There was no significant difference in the ability of combined MR imaging/3D MR spectroscopic imaging to localize prostate cancer in treated versus control patients. For MR imaging alone, the sensitivity and specificity were 91% and 48% (reader 1) and 75% and 60% (reader 2) in treated patients versus 79% and 60% (reader 1) and 84% and 43% (reader 2) in control patients. For 3D MR spectroscopic imaging alone (>3 SDs cutoff), higher specificity (treated, 80%; controls, 73%) but lower sensitivity (treated, 56%; controls, 53%) was attained. In treated patients, high sensitivity or specificity (up to 92%) was achieved when either or both modalities indicated cancer.
When performed within 4 months after initiating hormone deprivation therapy, combined MR imaging/3D MR spectroscopic imaging had the same accuracy in localizing prostate cancer as in nontreated patients.
确定在接受激素剥夺治疗的患者中,联合磁共振(MR)成像和三维(3D)质子MR波谱成像将前列腺癌定位到前列腺腺叶某一区段的准确性。

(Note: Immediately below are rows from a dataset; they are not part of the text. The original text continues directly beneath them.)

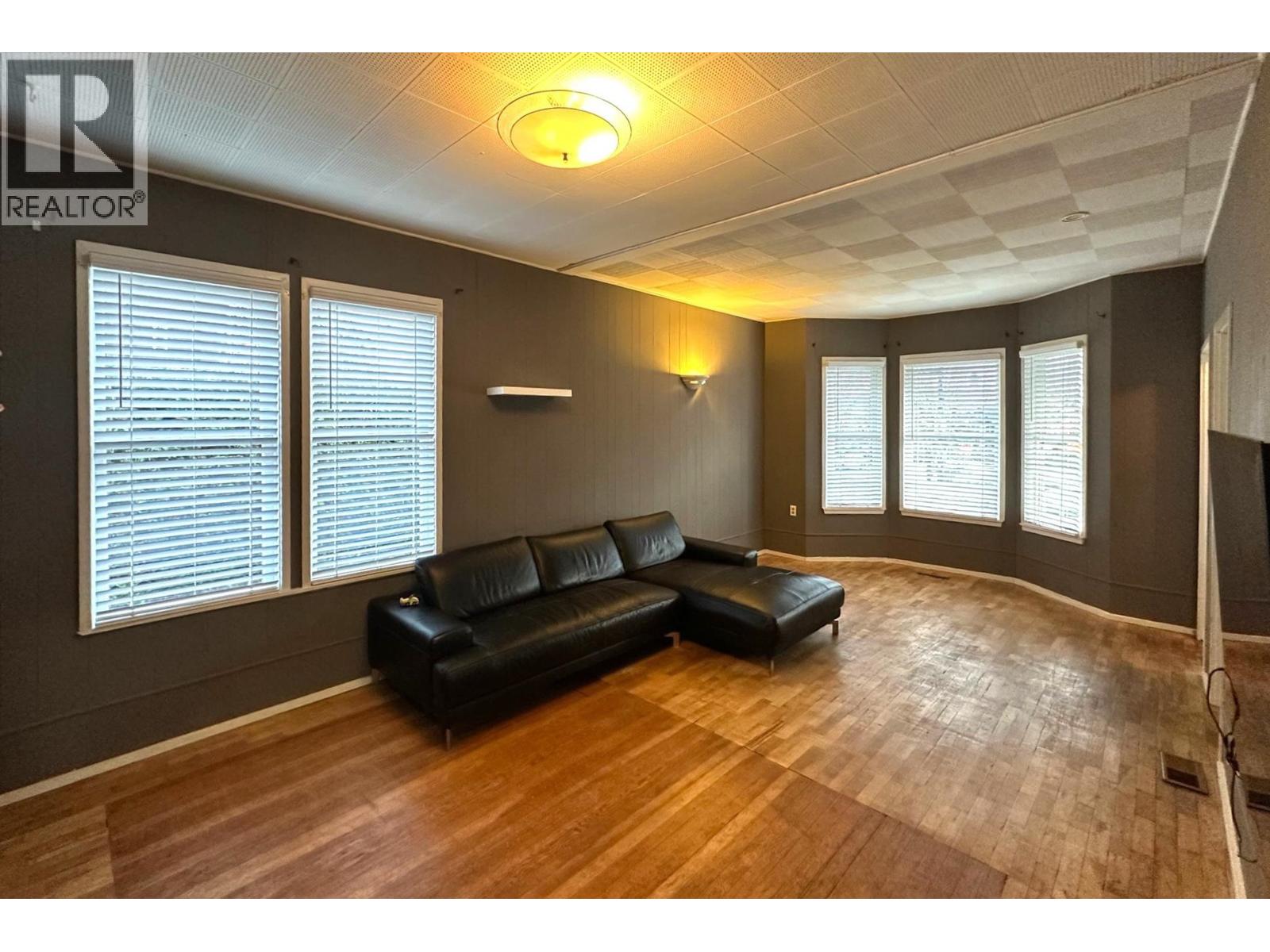 166 E 10TH STREET, North Vancouver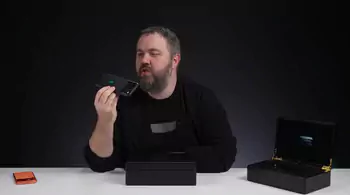 Wylsacom распаковал iPhone 17 Pro Max с черным корпусом: стандартная и персональная версия.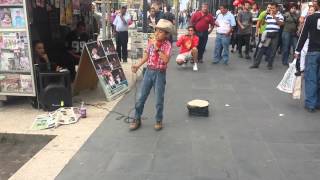 NIÑO CANTANDO EN LA CALLE [upl. by Guy]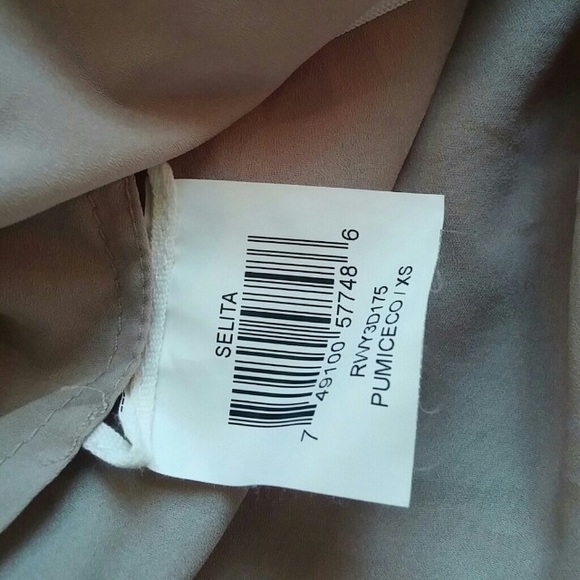 BCBG Maximazria Pleated Skirt - Picture 4 of 7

对16例接受激素治疗的患者和48例未接受治疗的匹配对照患者在根治性前列腺切除术和分步切片组织病理学分析之前进行联合MR成像/3D MR波谱成像检查。在MR成像时,由两位阅片者对每个区段的外周带内是否存在癌症进行评估。在3D MR波谱成像时,通过使用(胆碱加肌酸)与柠檬酸盐的比值,以高于正常外周带平均值2和3个标准差的临界值来识别癌症。采用受试者操作特征分析对数据进行比较。
联合MR成像/3D MR波谱成像在定位治疗患者与对照患者的前列腺癌方面,能力无显著差异。仅对于MR成像,治疗患者中阅片者1的敏感性和特异性分别为91%和48%,阅片者2为75%和60%;对照患者中阅片者1为79%和60%,阅片者2为84%和43%。仅对于3D MR波谱成像(>3个标准差临界值),特异性较高(治疗患者为80%;对照患者为73%),但敏感性较低(治疗患者为56%;对照患者为53%)。在治疗患者中,当一种或两种检查方式提示有癌症时,可达到较高的敏感性或特异性(高达92%)。
在开始激素剥夺治疗后4个月内进行联合MR成像/3D MR波谱成像时,其在定位前列腺癌方面的准确性与未接受治疗的患者相同。